Quando si lavora di continuo, quando ci si sofferma a pensare alle tante cose che dovresti ma che non riesci a compiere ed improvvisamente provi a compensare un vissuto trapassato, quando resta il languore per immagini, visi e profumi che hanno colonizzato l’anima, ecco che la gastronomia ci soccorre.
Si assiste ad un volo di luci e di ombre che solcano, felicemente, il nostro orizzonte tecnologico, quello quotidiano che persino le immagini familiari ci condannano a subire (i giovani millennials con lo smartphone tra posata e tovagliolo, tronfi di impropria quanto insopportabile sicumera), imprinting cioè capace di riportare al presente immagini, quelle care dell’Alta Murgia, in cui le greggi e gli armenti sono il colorante vivente della storia e del paesaggio rurale, con il ricordo delle lunghe camminate in cerca dei funghi carboncelli, quando la Madre Murgia non era stata ancora “deflorata” da dispositivi assurdi come quelli che incentivavano dapprima lo spietramento e, dopo, la messa a riposo dei terreni (set a side).
Qui la civiltà della tavola (con l’inevitabile supporto del vino), tanto vilipesa dai multitasking di cui sopra, ci riconcilia con il tutto, restituendoci la giusta sintesi tra cibo, fame, piacere ed umanità, confermandosi una delle poche autostrade percorribili, insuperabili per efficienza di comunicazione e di facile utilizzo, di cui ci affascina la sempiterna attualità.
Si mangia dapprima ciò che si ha intorno, poi se le scelte ecologiche ci porteranno a considerare altri percorsi alimentari, ci soccorre la consapevolezza che almeno in cucina, ed a tavola, domina la libertà, che per lo meno ci si riconosce questa residuale forma di democrazia…

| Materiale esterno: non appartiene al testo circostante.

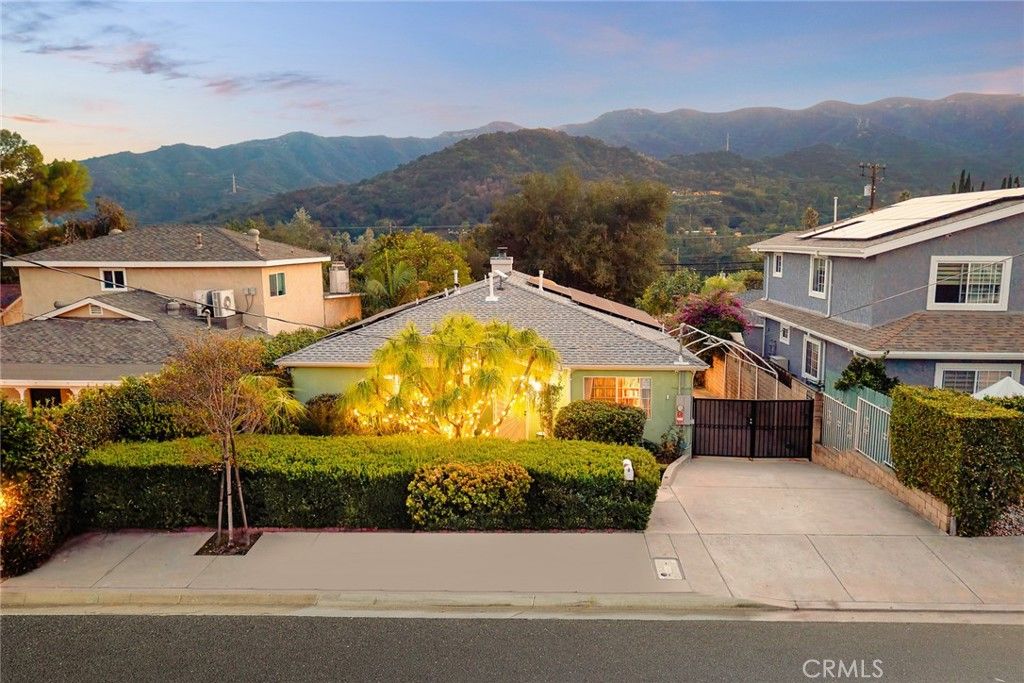 Photo of 2966 Piedmont Ave, La Crescenta, CA 91214 (MLS # GD25252936)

Intanto, però, che non ci si abitui a nutrirsi con matrici alimentari un po’ “alternative”, credo che questo piatto faccia storia a sé, così come la “tiella di riso patate e cozze”, anch’essa forte di mito e sostanza della gastronomia rivierasca.
La spasarola (non sforzatevi di cercare in rete la traduzione, non esiste), un insieme di prodotti atti a sostenere, anche in guisa di piatto unico, le umane fatiche e le gioie del desco.

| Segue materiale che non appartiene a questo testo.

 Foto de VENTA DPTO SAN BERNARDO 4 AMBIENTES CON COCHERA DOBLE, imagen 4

Forse la potremmo chiamare, in un modo molto diffuso al Sud d’Italia, una “tortiera di agnello e vegetali”, un arcaico Tajine di araba memoria, una pietra miliare che afferma, se mai ve ne fosse bisogno, la storia silvo pastorale delle popolazioni che da queste parti sono insediate da secoli.
Forti di questa arcaica provenienza da cui scaturisce supremazia e sopravvivenza, andiamo con gli ingredienti.
Per il gratin
Disporre in una teglia la carne a pezzi, le patate a fette spesse e le cipolle tagliate grossolanamente.

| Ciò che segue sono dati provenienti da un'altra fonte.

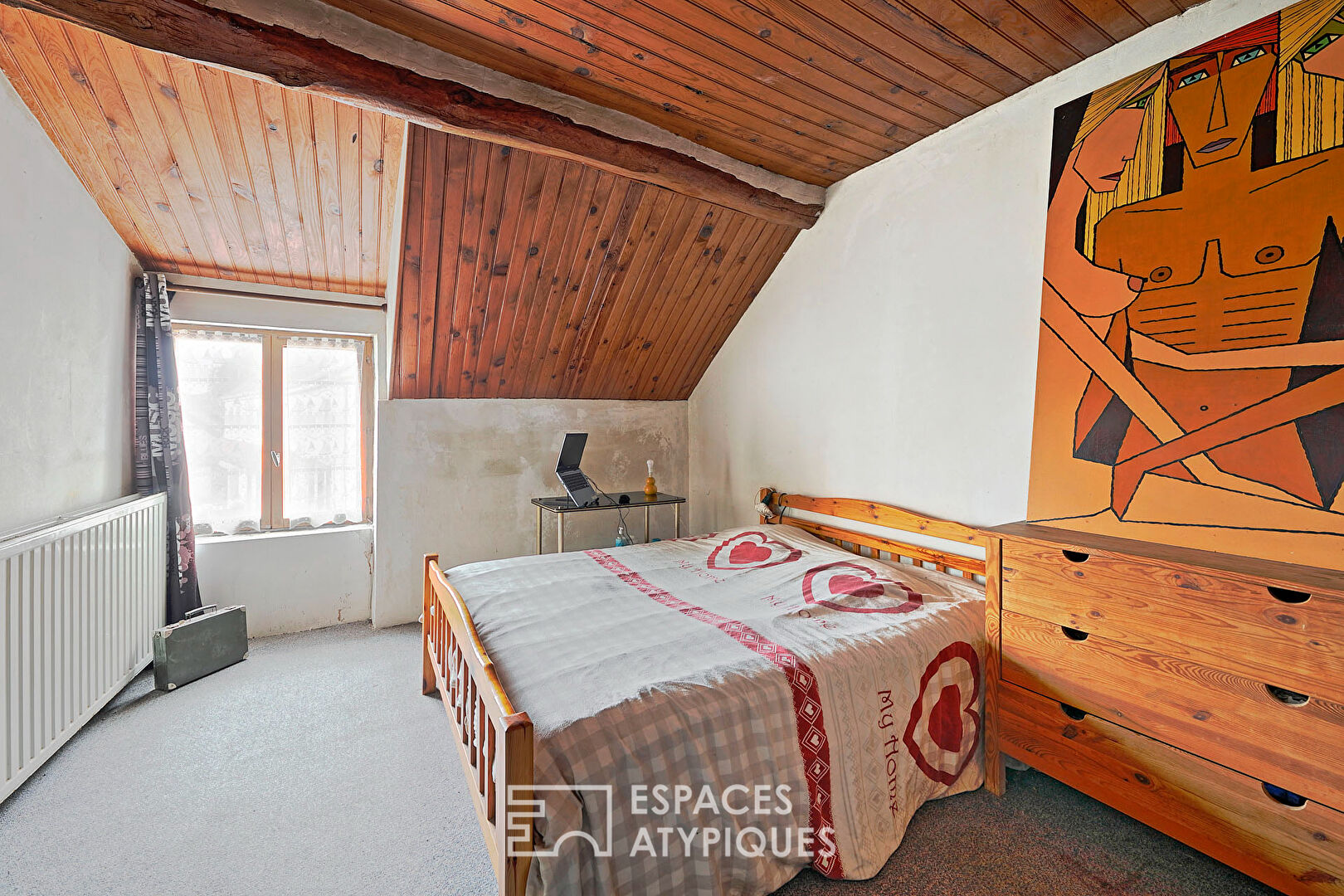 ancienne ferme rénovée et divisée en 3 unités de vie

Aggiungere i pomodorini tagliati a metà; condire con sale quanto basta (valutando la sapidità del canestrato che si ha a disposizione) ed amalgamare in modo da rendere tutti i componenti baciati dall’extravergine.
Cospargere il tutto con il pangrattato, il formaggio ed il battuto di aglio e prezzemolo, aggiungendo una pioggerella di pepe nero in grani schiacciato grossolanamente.
Infornare a temperatura piuttosto bassa (160 °C) per la prima ora di cottura con tegame coperto da carta da forno per favorirne gli spifferi laterali; completare la cottura rimuovendo la carta da forno per un’altra ora.
A gratinatura completata, sfornare e lasciare rassettare la spasarola.
N.B.: se i lampascioni sono grossi, sbollentarli dopo pulizia e lavaggio per favorirne la deamarizzazione.